Maryland’s General Assembly has passed the state’s first bill to regulate for-profit colleges, a sector already targeted by proposed federal regulation to curb overzealous recruitment tactics and academic programs that leave students with too little income and too much debt.

The bill puts Maryland in the vanguard of state measures — indeed, all measures — to tighten regulation of for-profit colleges, and it is said to be among the most far-reaching of state regulatory measures. More than a dozen federal regulations introduced last year await action by Congress. Gov. Martin O’Malley (D) is expected to sign the Maryland bill into law.

Authored by Prince George’s educator and Democratic state Sen. Paul Pinsky, the Maryland bill would grant Maryland’s Higher Education Commission authority to regulate the growing for-profit sector, in which The Washington Post Co. is a major player with its Kaplan division.

The legislation would prohibit the payment of commissions, bonuses or incentive payments to recruiters.

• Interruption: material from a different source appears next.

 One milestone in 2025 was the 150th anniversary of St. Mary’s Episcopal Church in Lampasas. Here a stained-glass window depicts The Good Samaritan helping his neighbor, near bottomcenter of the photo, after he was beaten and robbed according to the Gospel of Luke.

A federal investigation last year found examples of recruiters pitching their for-profit schools to prospective students with hard-sell tactics akin to those of telemarketers. (The GAO report has since been attacked and revised but, to my knowledge, not discredited in any fundamental way.)

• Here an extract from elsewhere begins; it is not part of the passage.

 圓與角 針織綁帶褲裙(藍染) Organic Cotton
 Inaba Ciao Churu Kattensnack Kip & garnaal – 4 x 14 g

To a much greater extent than nonprofit colleges, for-profits are driven by a business model that stresses bringing students in the door. Retention and completion are, comparatively speaking, secondary goals.

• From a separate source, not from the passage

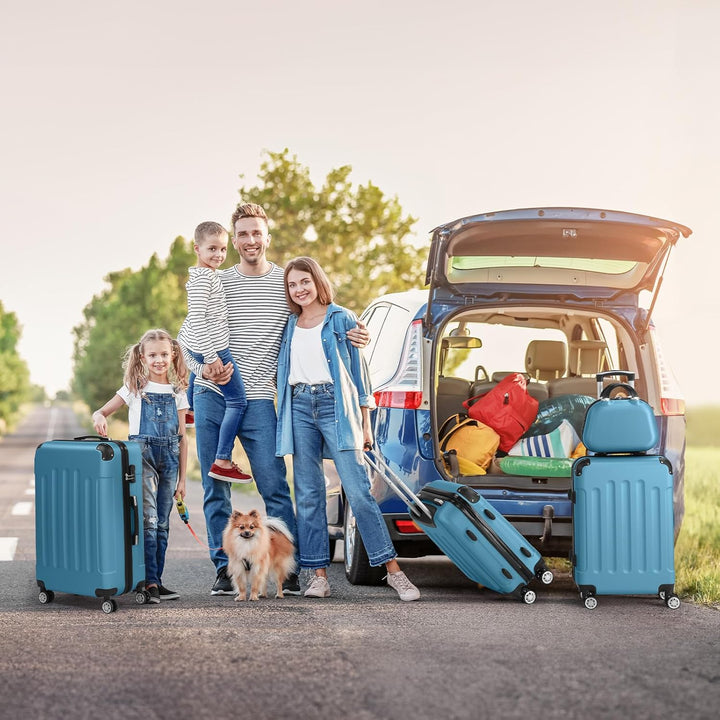 LEADZM Kofferset 4 teilig Hartschale, Koffer Set aus ABS, Reisekoffer mit Rollen Gross, Hartschalenk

Pinsky’s bill would also set up a fund to reimburse students in the event a for-profit college breaches a contract. It would phase out state-funded student aid. And it would require schools to notify students if they start a program without an “affirmative recommendation” from the higher education commission.

Several other states have enacted their own regulations for for-profit schools rather than await the conclusion of the federal crackdown. This page lists several, but I am told several more states have jumped in with bills this year.